License Plate Scanners Spark Utah Legislative Debate

By PAUL FOY | January 7, 2013

License plate scanners in widespread use by law enforcement agencies hold the potential for misuse by divorce lawyers or police who use information on a motorist’s whereabouts as fodder for an “interrogation game,” a Utah legislator said Friday.

Utah has no law governing the use, collection or lifespan of tracking data on motorists who have done no wrong, said Sen. Todd Weiler, R-Woods Cross. He plans to introduce legislation in January to make clear the information cannot be kept in a databank longer than six months, or subpoenaed in divorce or other civil litigation.

“On the one hand, this technology is cool, but it’s also creepy,” Weiler said Friday. “It’s that big-brother aspect.”

License plate readers are cameras used by police to get information about a person or a vehicle from a car’s license plate. Some of them use special software to run the license plate number through national criminal databases to check for outstanding warrants.

Police said they’ve recovered stolen vehicles using license plate readers and can immediately flag unregistered or uninsured motorists. Utah sheriffs have told legislators that scanner information kept for long periods can help solve homicides or kidnappings.

Law enforcement agencies in Utah are keeping data for up to two years, Weiler said

The ACLU said police can’t justify keeping data longer than 12 hours.

“These readers give police and other agencies the ability to monitor people’s movement – where they were, where they are going, without any reason to believe people are doing anything illegal,” said John Mejia, legal director for the American Civil Liberties Union of Utah. “Without clear guidelines, there’s potential for abuse.”

Weiler said police could use the information to wrongly implicate a person in a crime long after the fact, leaving a suspect without a defense.
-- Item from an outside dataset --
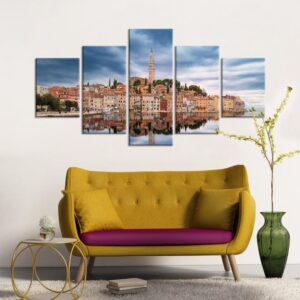 Buildings And Lake - Nature 5 Panel Canvas Art Wall Decor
“Years later they could ask, ‘Where were you driving?”‘ he said. “You say, ‘I have no idea. That was a year and a half ago.’ That’s where it gets creepy.”

Beaver County Sheriff Cameron Noel thinks the legislation is unnecessary. The information should be available to police for as long as needed. His county doesn’t have any license plate readers, but he said they would be useful on southern Utah highways to catch murderers, rapist, kidnappers and drug smugglers.

“It’s like any tool out there: If it’s abused, our rights are going to be violated,” Noel said. “But you have to have some trust in law enforcement to do the right thing.”

(Associated Press writer Brady McCombs contributed to this report.)